RECORDED INFORMATION =
============

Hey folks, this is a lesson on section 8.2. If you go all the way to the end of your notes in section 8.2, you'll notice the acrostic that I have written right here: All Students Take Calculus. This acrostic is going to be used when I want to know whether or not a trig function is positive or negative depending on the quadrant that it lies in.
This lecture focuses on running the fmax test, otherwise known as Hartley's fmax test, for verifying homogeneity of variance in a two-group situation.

============

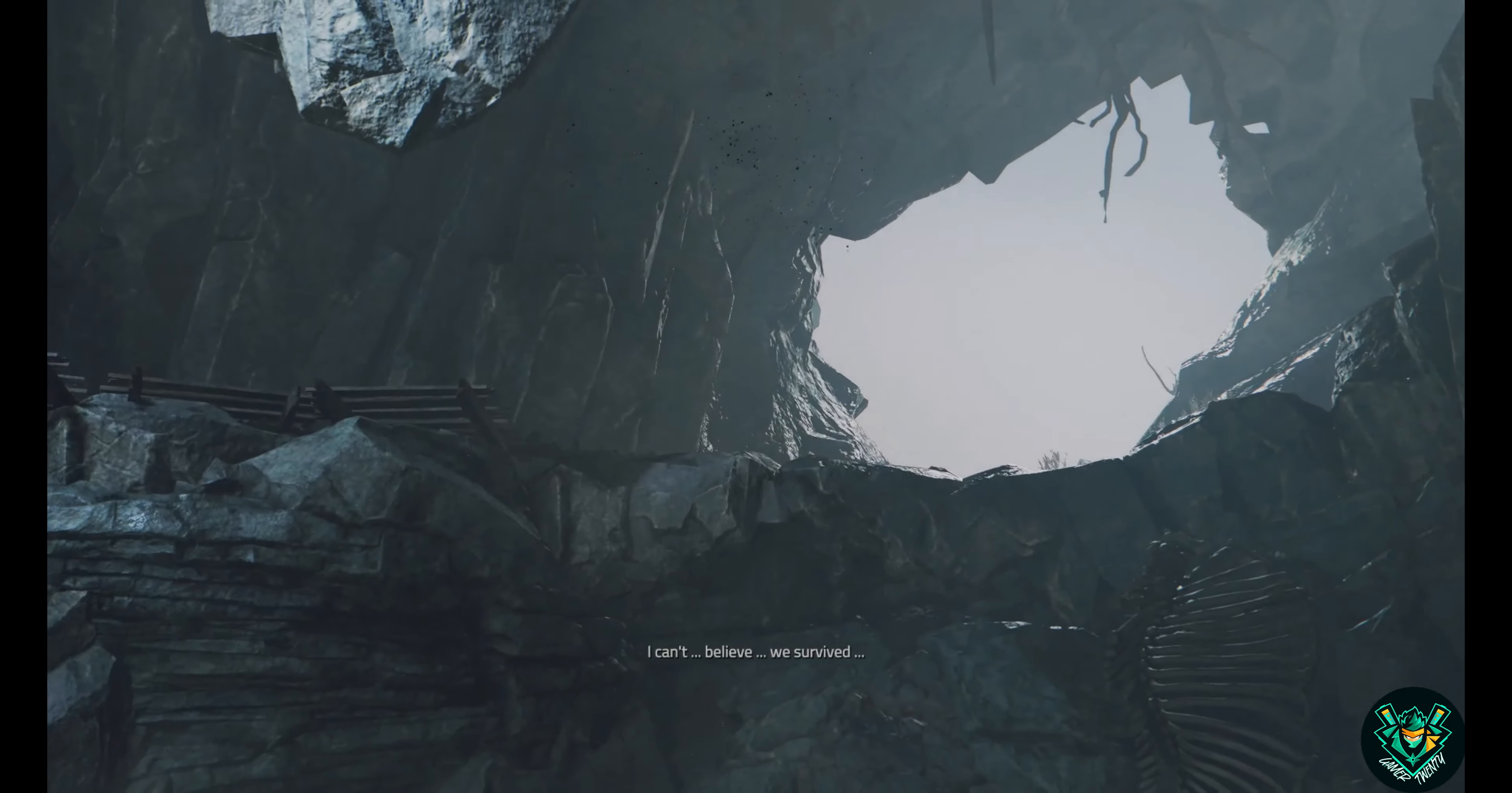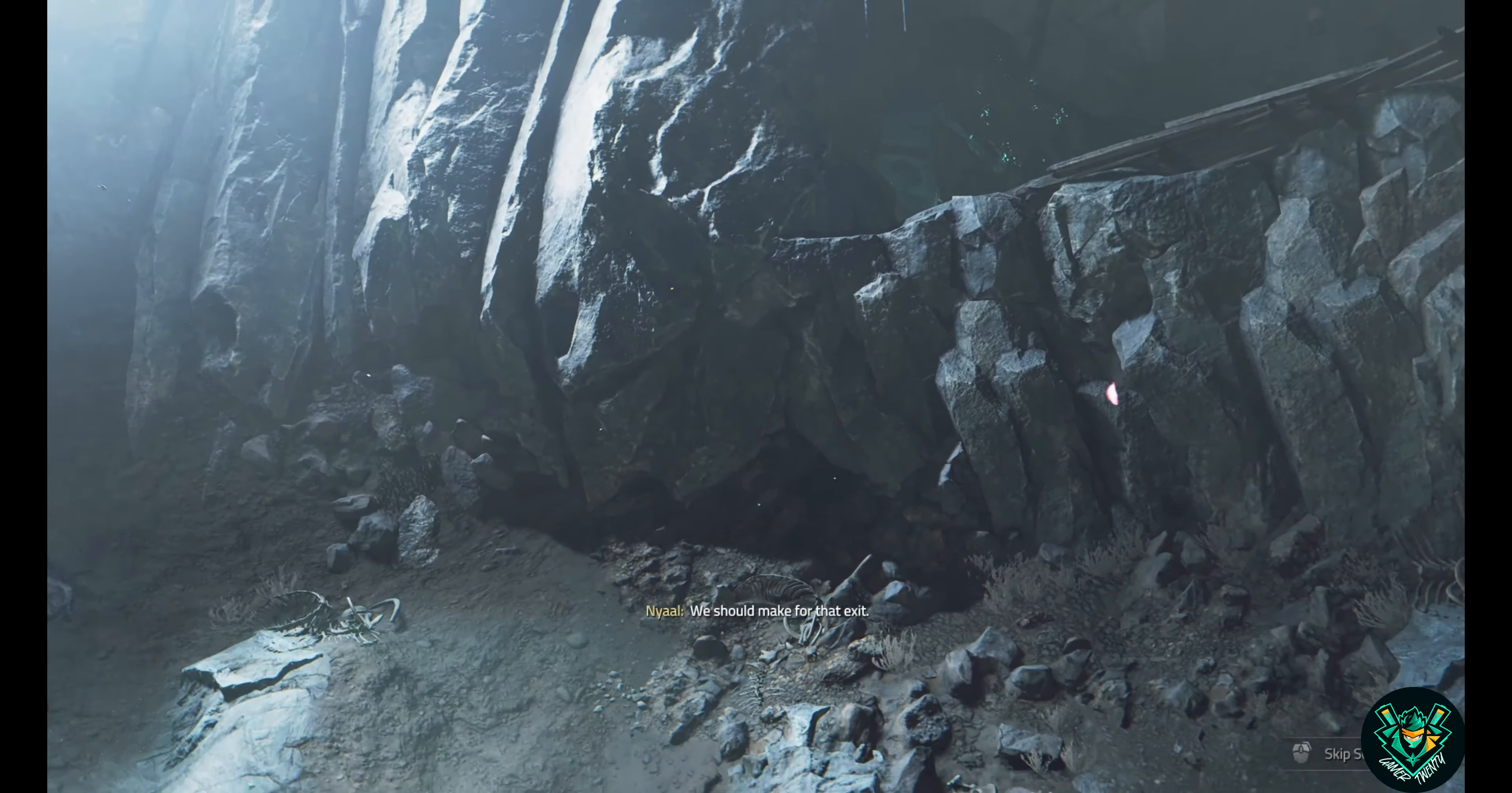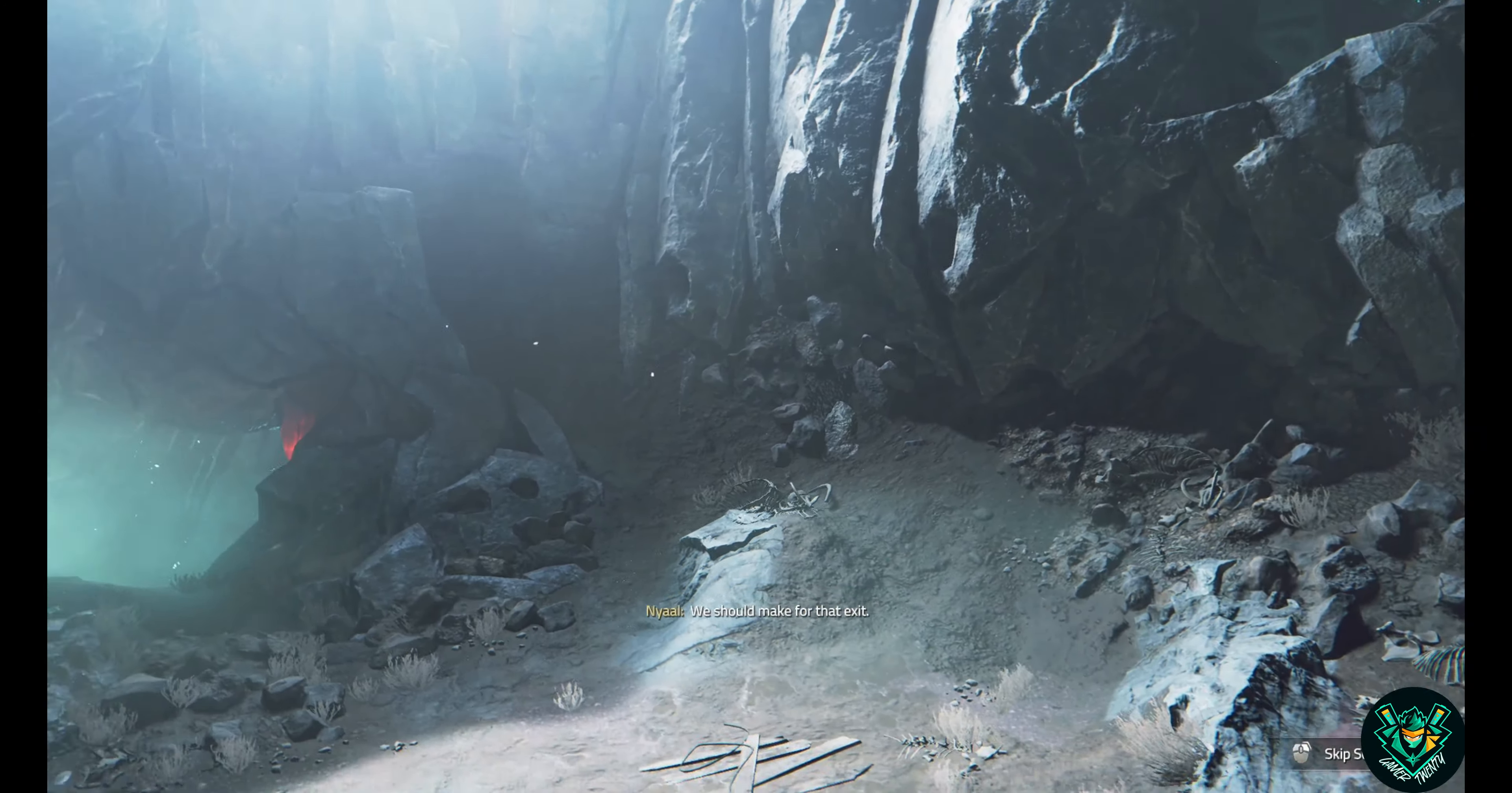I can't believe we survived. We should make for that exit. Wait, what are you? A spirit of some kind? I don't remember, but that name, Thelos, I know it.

============

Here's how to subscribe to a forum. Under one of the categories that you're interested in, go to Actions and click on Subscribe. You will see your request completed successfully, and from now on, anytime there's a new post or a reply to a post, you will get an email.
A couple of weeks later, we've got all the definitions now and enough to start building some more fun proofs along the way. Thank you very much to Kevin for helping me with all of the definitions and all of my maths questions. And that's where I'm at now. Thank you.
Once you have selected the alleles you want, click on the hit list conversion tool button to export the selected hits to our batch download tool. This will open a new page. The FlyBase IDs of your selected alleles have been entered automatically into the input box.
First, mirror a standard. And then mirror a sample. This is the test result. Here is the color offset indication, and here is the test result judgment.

============

TASK PROMPT = Reproduce every line from the listing above that holds the word "will".

EXERCISE OUTPUT =
Here's how to subscribe to a forum. Under one of the categories that you're interested in, go to Actions and click on Subscribe. You will see your request completed successfully, and from now on, anytime there's a new post or a reply to a post, you will get an email.
Once you have selected the alleles you want, click on the hit list conversion tool button to export the selected hits to our batch download tool. This will open a new page. The FlyBase IDs of your selected alleles have been entered automatically into the input box.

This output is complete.